__What to produce__: Copy the lines below, word for word, from the first through the line containing "Volvo V60 11 of 16". Leave the pictures out.

Captioned web images:
--- START ---

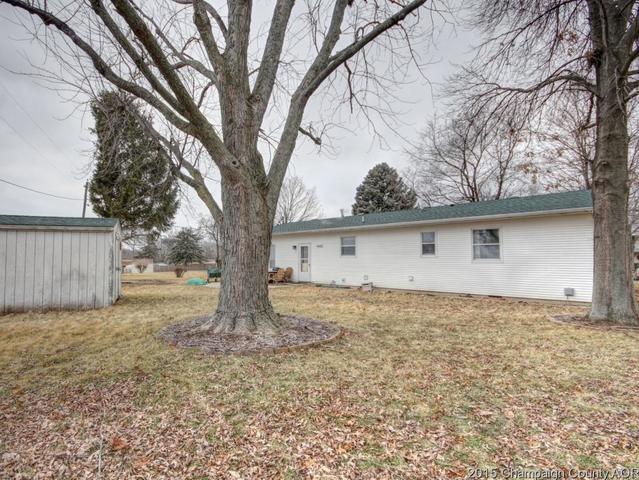 307 Eisenhower Dr, Philo, IL 61864 photo 21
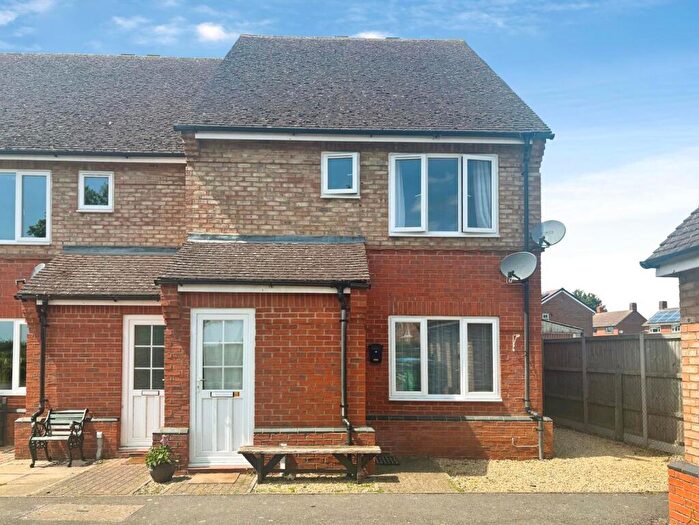 2 Bedroom Maisonette For Sale In Swan Lane, Marsh Gibbon, Bicester, OX27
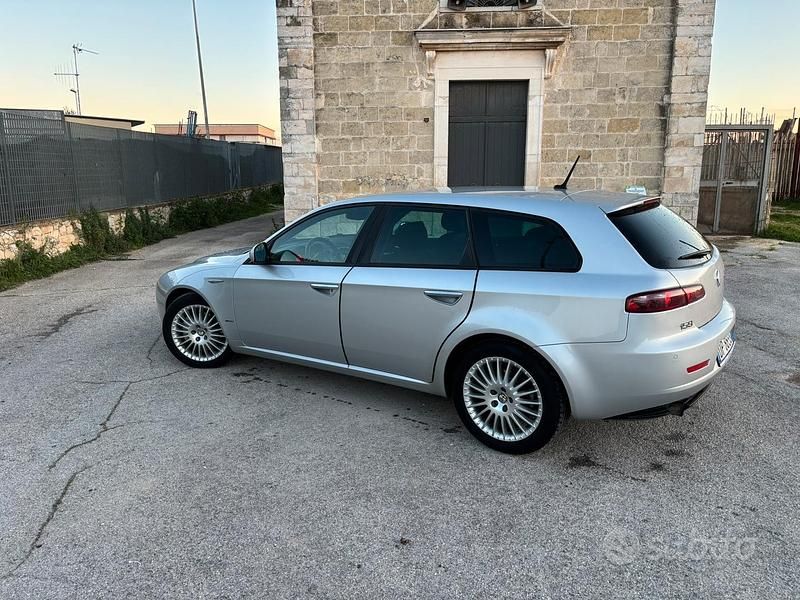 Usata Alfa Romeo 159 Exclusive 150 CV (110 kW) 2008 Grigio Station wagon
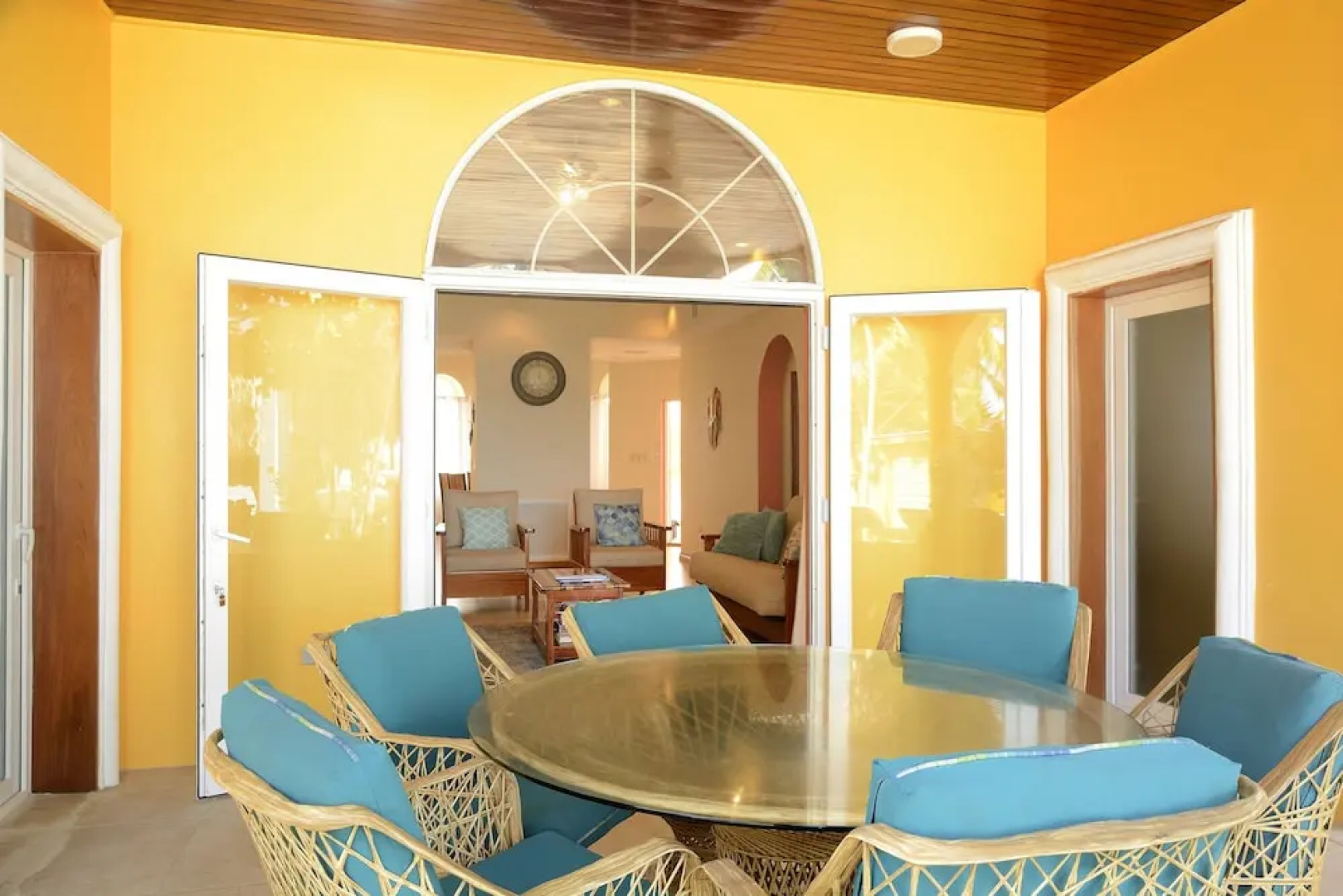 Blue Parrot Beach House
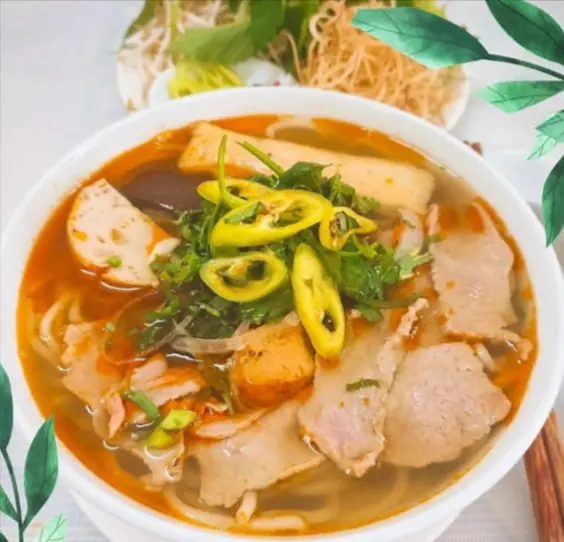 Hình ảnh Bún bò tái - chả huế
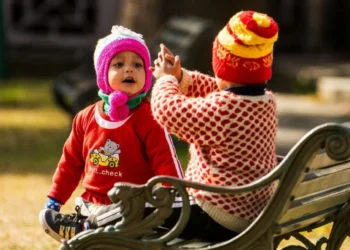 How to Keep Kids Active and Energetic During Winter Months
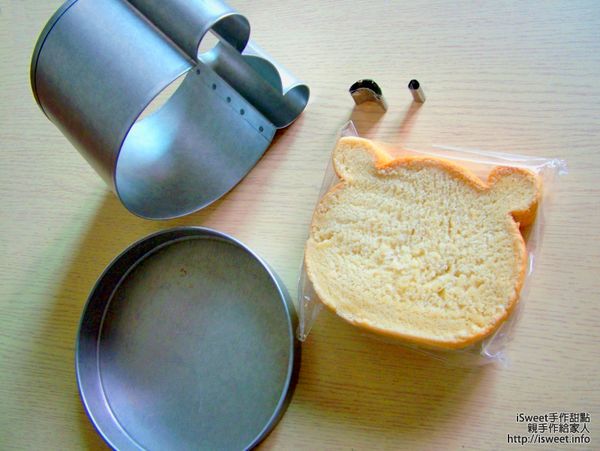 將麵包麵團放入造型吐司模具, 將烤箱以50度讓麵糰發酵30分鐘之後, 再將烤箱預熱到 180度, 之後再將模具與麵糰放入烤箱中以上下火180度烤30分鐘!

烤好之後放室溫冷卻之後再切片即可!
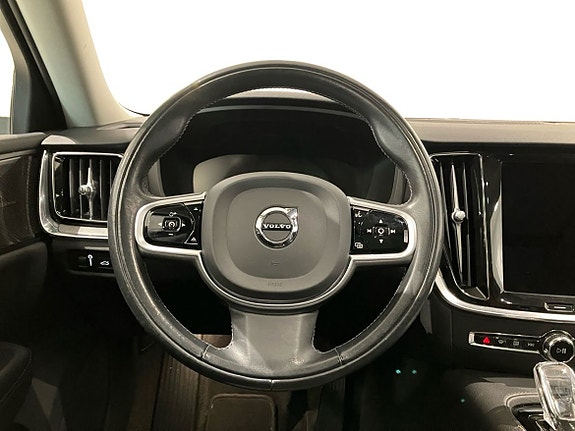 Volvo V60 11 of 16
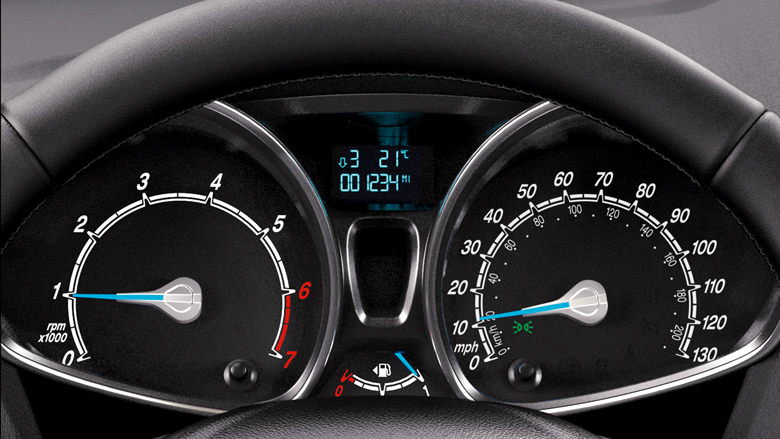 Consola central diseñada para que cada comando sea intuitivo y esté al alcance de la mano para tener el control del vehículo en todo momento.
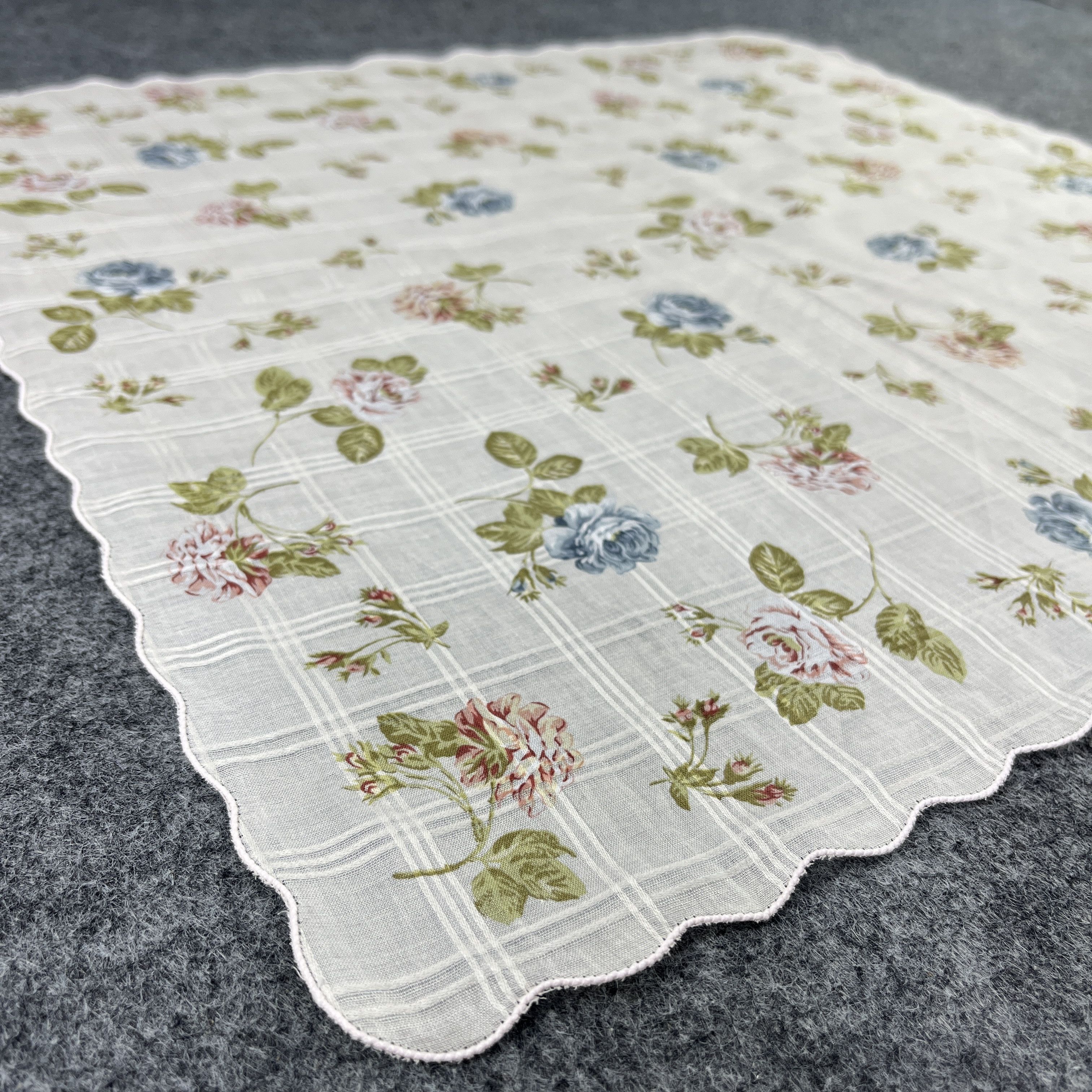 Laura Ashley Laura Ashley Handkerchief / Bandana / Neckerchief B106 Size ONE SIZE - 7 Thumbnail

--- END ---

__Written response__:
 307 Eisenhower Dr, Philo, IL 61864 photo 21
 2 Bedroom Maisonette For Sale In Swan Lane, Marsh Gibbon, Bicester, OX27
 Usata Alfa Romeo 159 Exclusive 150 CV (110 kW) 2008 Grigio Station wagon
 Blue Parrot Beach House
 Hình ảnh Bún bò tái - chả huế
 How to Keep Kids Active and Energetic During Winter Months
 將麵包麵團放入造型吐司模具, 將烤箱以50度讓麵糰發酵30分鐘之後, 再將烤箱預熱到 180度, 之後再將模具與麵糰放入烤箱中以上下火180度烤30分鐘!

烤好之後放室溫冷卻之後再切片即可!
 Volvo V60 11 of 16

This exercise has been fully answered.